Consider recent legislation passed in American Congress that will require all cars to have a “kill switch” – in order to prevent drunk driving, or perhaps help prevent high speed chases. Some vehicles will soon have an algorithm to detect abnormal driving behavior that will infer whether you’re misbehaving behind the wheel. I will not be surprised to find controls against speeding, as well.
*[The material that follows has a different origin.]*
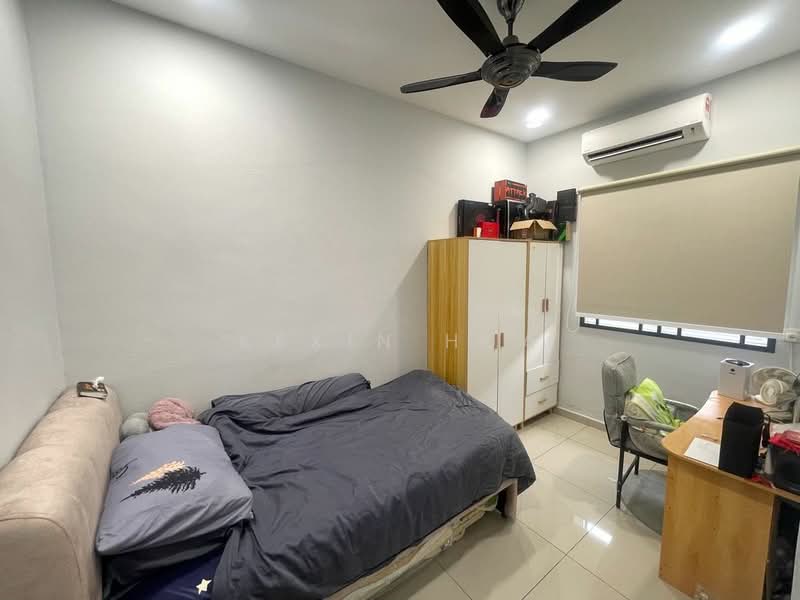 1-storey Terraced House for Sale in Permas Jaya (Johor) - Kexin Hua - Bedroom - PropertyGuru.com.my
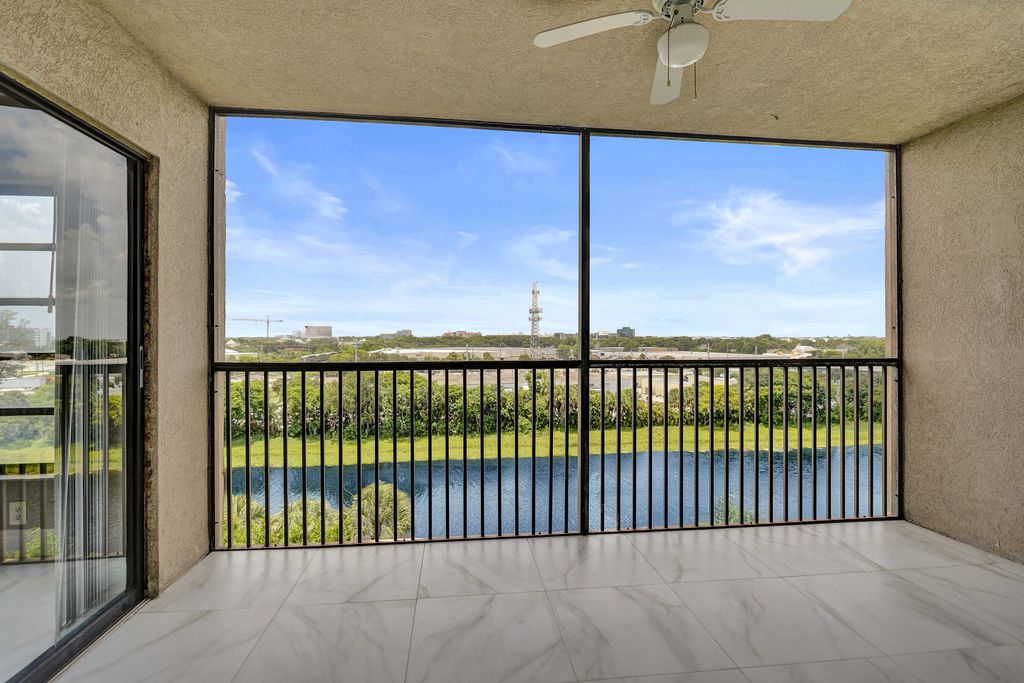 2200 S CYPRESS BEND Drive 707, Pompano Beach, FL 33069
Of course the privilege of driving was already a matter of state approval – licensed – but as technologies to surveil and automatically punish grow more sophisticated, your vehicle will be another easy thing to lock you out of if you happen to not cooperate. Let’s also take a moment to recall that dissident journalists have already been murdered by the state via misuse of vehicular kill switches. Kill switch indeed.
Think about this every time your government seizes more power to bully or ‘protect’ its citizenry. Some posit that authoritarian regimes tend to collapse when, at a certain point, its coercive apparatus loses the will to continue its oppressive tactics. The collapse of the Soviet Union happened in no small part because people in the roles of soldiers and police refused to fire on protesters, and the power of the state to crush opposition crumbles, sometimes remarkably quickly. But what about when these regimes of oppression are not carried out by people? What happens when the machinery of authoritarianism is near completely automated, largely abstract, out of sight and out of mind of its operators? Stalin planned much of the collectivization that resulted in the Ukranian famine from the comfort of a countryside dacha, and the main inconvenience it caused him was the strain on his lieutenants sent to carry out the orders. What if the control of dissent can be as simple as a programmed ‘for loop’?